LePage still has to go out and win the seat. It’s worth noting that he often looked unfocused — especially around abortion — during his failed run against Mills in 2022. However, that was on the Democratic-tilted statewide playing field. This race will be waged in pro-Trump territory, where he is literally and figuratively more comfortable.

Hannah Pingree

She has not been elected since 2008. She has never been elected outside of island communities around her hometown of North Haven. Yet the former House speaker who most recently led Mills’ policy office is favored by many in the Democratic establishment to eventually lock down the party’s gubernatorial nomination.

Pingree has a huge raft of endorsements. She led the money race at last glance. But there are four other major candidates to contend with, including Secretary of State Shenna Bellows and Nirav Shah, the state’s former top health official. They may be better known than Pingree right now, but they need to build up their campaigns quickly to match her long game.

Ben Midgley

Picking someone to watch in the large (and largely anonymous) Republican gubernatorial field requires projection. The Trump-copying Bobby Charles is the loudest. Entrepreneur Jonathan Bush is probably the richest. Both 2018 nominee Shawn Moody and well-connected lobbyist and former legislative leader Garrett Mason could join, but they aren’t in yet.
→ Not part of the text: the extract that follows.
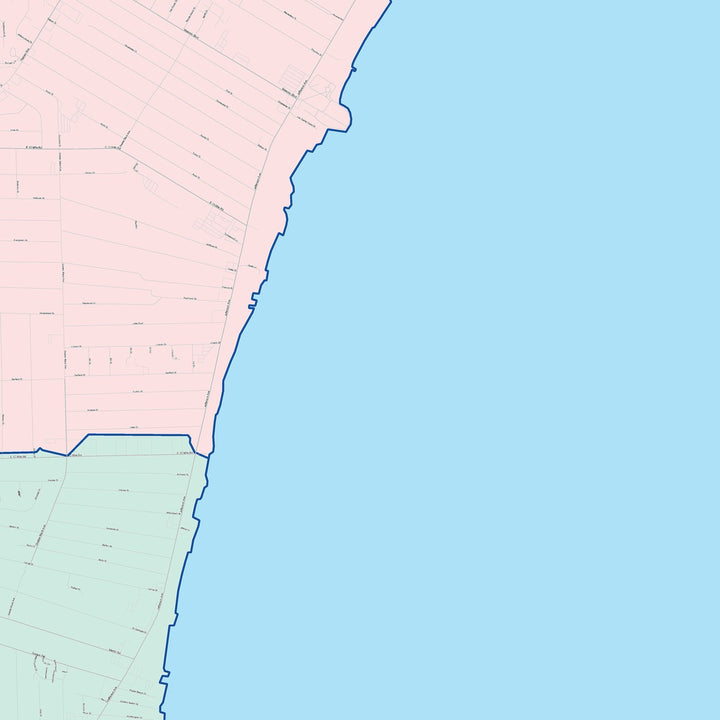 Color Cast Zip Code Style Wall Map of St. Clair Shores, MI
Midgley, a former fitness executive, is so unknown that he wasn’t even included in a recent poll. But he has the wealth to build up his campaign in the new year. He also is employing key LePage strategists, including the governor’s daughter, Lauren LePage, who have been a part of winning primaries before.

This candidate is far different than LePage given his mild manners and a long history as a Democrat. But all of that could help him if he gets through to the November election. That’s far from a given in this fractured field, but Midgley is one of the few contenders with real upside.

State Sen. Rick Bennett

Maine gets independent governors when the parties screw up. It has always been hard to subsume large parts of at least one party’s electorate. It may be even harder now. Bennett, a former Maine Republican Party chair who cast an Electoral College vote for Trump in 2016, is on the one hand an unlikely choice to try to thread the needle.
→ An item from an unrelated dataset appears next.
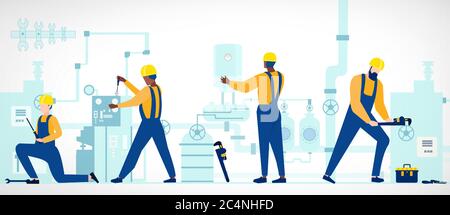 Plumber service concept. Vector of construction team installing or repairing home heating supply system in the basement Stock Vector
Yet he has been a free agent since returning to the Maine Senate. He has criticized Central Maine Power Co., pushed campaign finance reform and voted this spring with Democrats on high-profile bills on immigration and transgender athletes. He clearly sees some space on the left, but there are Republicans who see him as a weapon for their side in the general election.

Washington County Commissioner David Burns

This low-key Republican probably never expected to be on a list like this almost a decade after leaving the Legislature. Burns is now in the unenviable position of steering his county through an inherited and yearslong fiscal crisis that is necessitating both a tax increase and budget cuts.

The retired state trooper who championed naming parts of highways for fallen officers while in Augusta is certainly no “defund the police” politician. But he faced criticism from Sheriff Barry Curtis for floating a plan that cut law enforcement more deeply than a competing blueprint.

Down East Maine is now the canary in the coal mine for growing issues in county governments across the state, and Burns’ work will show how voters ultimately respond to painful if necessary contingency plans.

State Rep. Deqa Dhalac

Dhalac, one of Maine’s first two Somali-American lawmakers, once worked for an immigrant health care provider that the state stopped paying last week over possible interpreter fraud. She said she had no involvement in billing, but Republicans have focused on Dhalac, calling for the South Portland Democrat to lose her seat on the budget committee.

The fraud allegations in Maine come on the heels of a federal welfare fraud prosecution that was allegedly orchestrated by people in the Somali community in Minnesota. After that, Trump called those immigrants “garbage” that he does not want in the country. It echoed a 2016 speech he made in Maine that painted a dark picture of the state’s Somali community.

The alleged fraud issues and Dhalac’s unique place in Maine politics may be separate, but they are both examples of the growing political power of Somali-Americans in parts of the country.